Jensen Huang said children and workers should focus on learning how to use AI rather than trying to pick “AI-proof” subjects, arguing that storytelling, creativity and communication will remain valuable. He cited journalism, broadcasting, arts, design, filmmaking, car design and chip-making as areas where human judgment will still matter. The comments are broadly supportive of AI adoption but are qualitative and unlikely to have a material near-term market impact.

Analysis

This is not a direct fundamental update for NVDA so much as a framing event: Huang is reinforcing the idea that AI adoption is no longer a niche software-cycle story but a workflow redesign that broadens the addressable market for compute.
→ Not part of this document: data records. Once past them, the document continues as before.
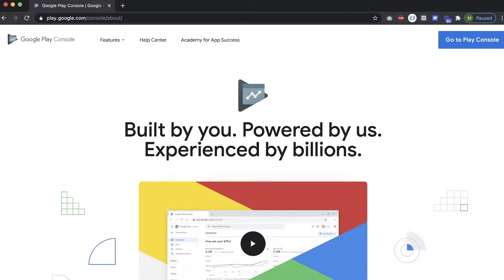In this tutorial, I'm going to show you how to set up your Google Developer Account. This account is needed to publish your app live on the Google Play Store. So let's get started.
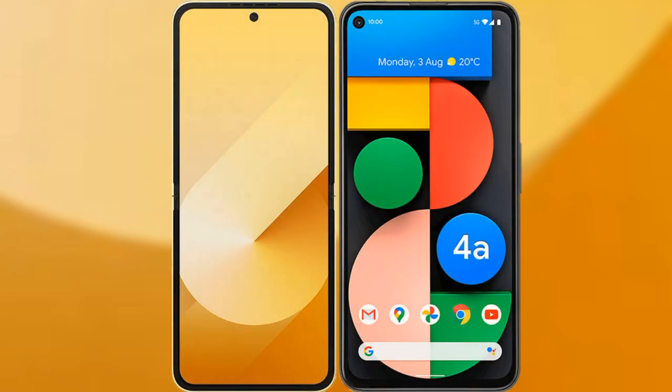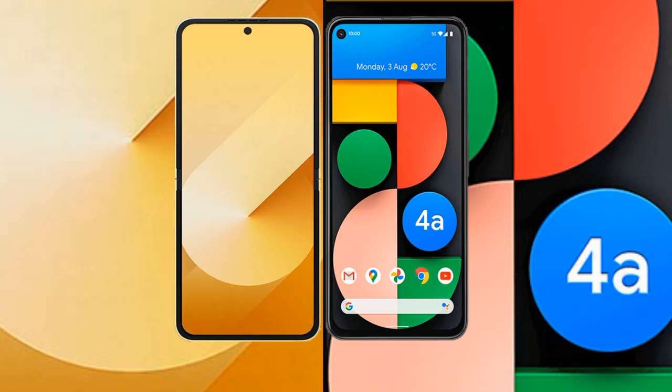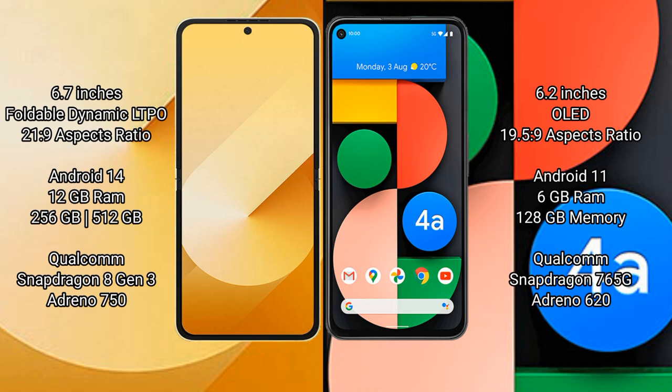I will compare the new Samsung Galaxy Z Flip 6 with Google Pixel 4a. Samsung Galaxy Z Flip 6 comes with a 6.7-inch Full HD+ Dynamic LTPO AMOLED display with aspect ratio 21:9. Google Pixel 4a has a 6.2-inch OLED display with aspect ratio 19.5:9.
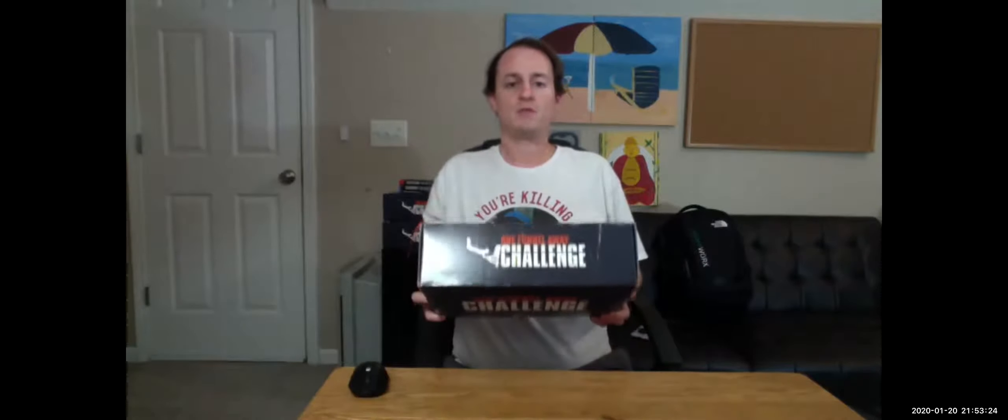The nice packaging here has a big One Funnel Away on it. I've been through this challenge three times and it's an amazing challenge. By far one of the best business challenges you can do—it's pretty much a business degree in 30 days if you follow and implement everything that he teaches.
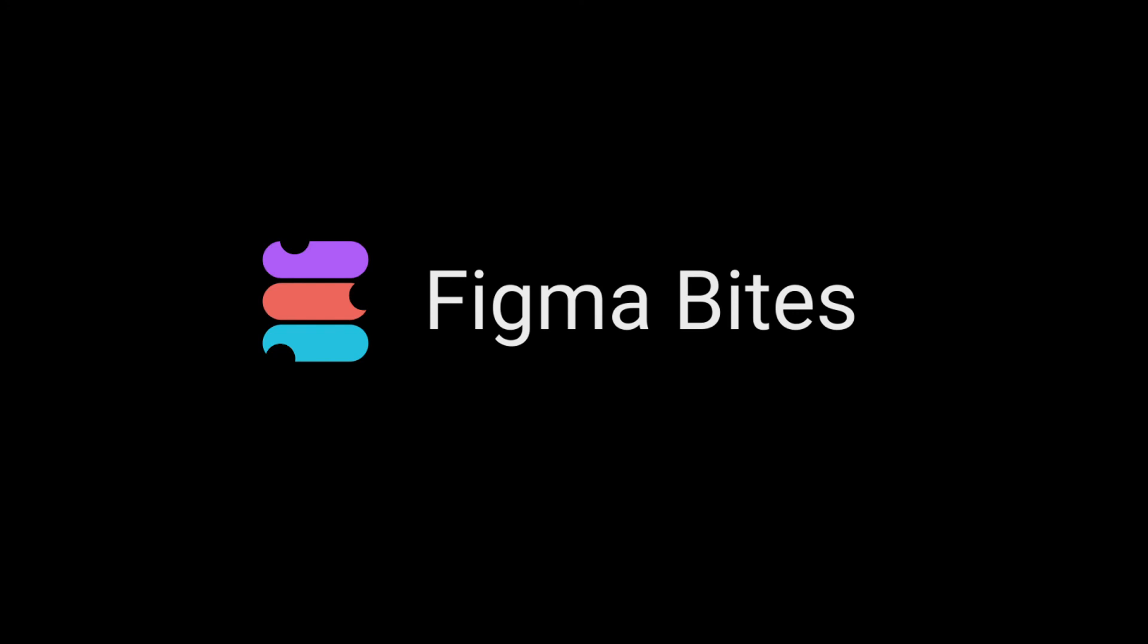And that's how you make bulk color changes to objects in your Figma file. I hope this Figma Byte helps you keep your cool with colors. Thanks for watching.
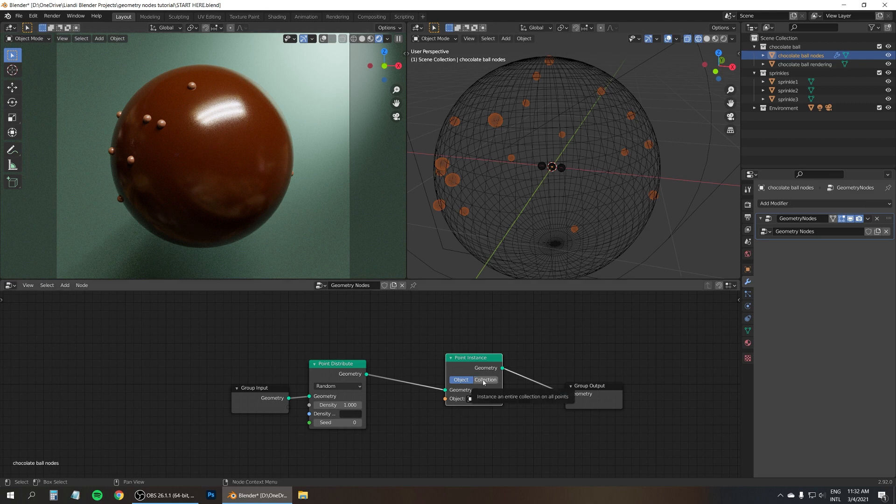Right, now they all should disappear, all the sprinkles, because by default all the vertices have a weight of zero. And you can't actually see the vertex map as you normally would, because remember the original chocolate ball with a node and it's invisible.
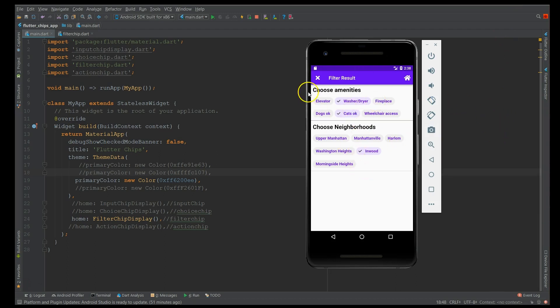I'll show you the emulator here which has the filter chip demo. It's a simple page where you've given the user an option to select a few options from a set of data. For example, if a person is looking for a house and has a lot of requirements - say, do you want an elevator or washer dryer - using a dropdown gets really complicated. Using chips in this kind of scenario is the best way of driving user attention. When you click on 'Morningside Heights', you can see it gets checked, so you can track the user's interaction. The filter chip is basically used to filter from a set of data.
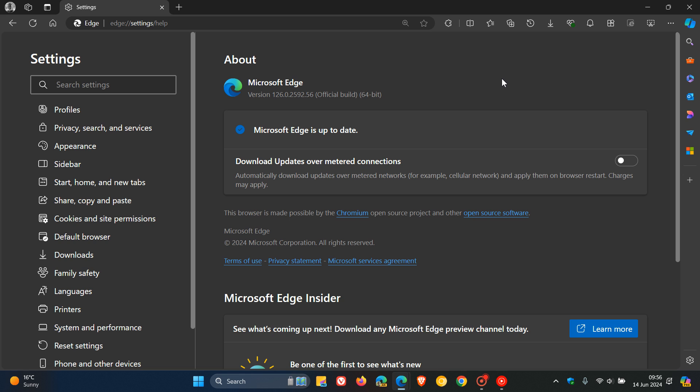We also get the stable channel security updates, which are quite important. First of all, we get three Edge specific security updates that have rolled out for the browser itself.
The second-order benefit is to the full Nvidia stack — GPUs, networking, inference software, and enterprise deployment services — because the message nudges CIOs away from experimentation and toward budgeted productivity rollouts over the next 2-6 quarters. The more interesting market implication is competitive rather than promotional: if human judgment remains the scarce input, the value shifts to tools that augment rather than automate, which is structurally favorable to high-margin enterprise software and platform vendors versus low-end labor replacement plays. That said, the rhetoric also lowers the bar for AI integration across non-tech verticals, which can intensify spend dispersion and make it harder for weaker AI application vendors to defend pricing unless they can prove measurable ROI. For NVDA, the risk is that this kind of messaging becomes consensus and gets embedded into expectations well ahead of actual monetization. If enterprise AI budget conversion slows or capex digestion appears in upcoming quarters, the stock is vulnerable to a multiple compression trade because the narrative is already well-owned. The near-term catalyst path is still earnings and hyperscaler capex commentary; the long-duration catalyst is whether AI inference demand expands enough to offset any moderation in training spend. Contrarian angle: the market may be underappreciating that the biggest beneficiaries of "AI + human craft" are not just model providers but workflow-native software names with immediate distribution into media, design, and productivity. If the message resonates, it should support a broader re-rating of AI-enabled application layers while leaving pure automation claims more exposed to skepticism.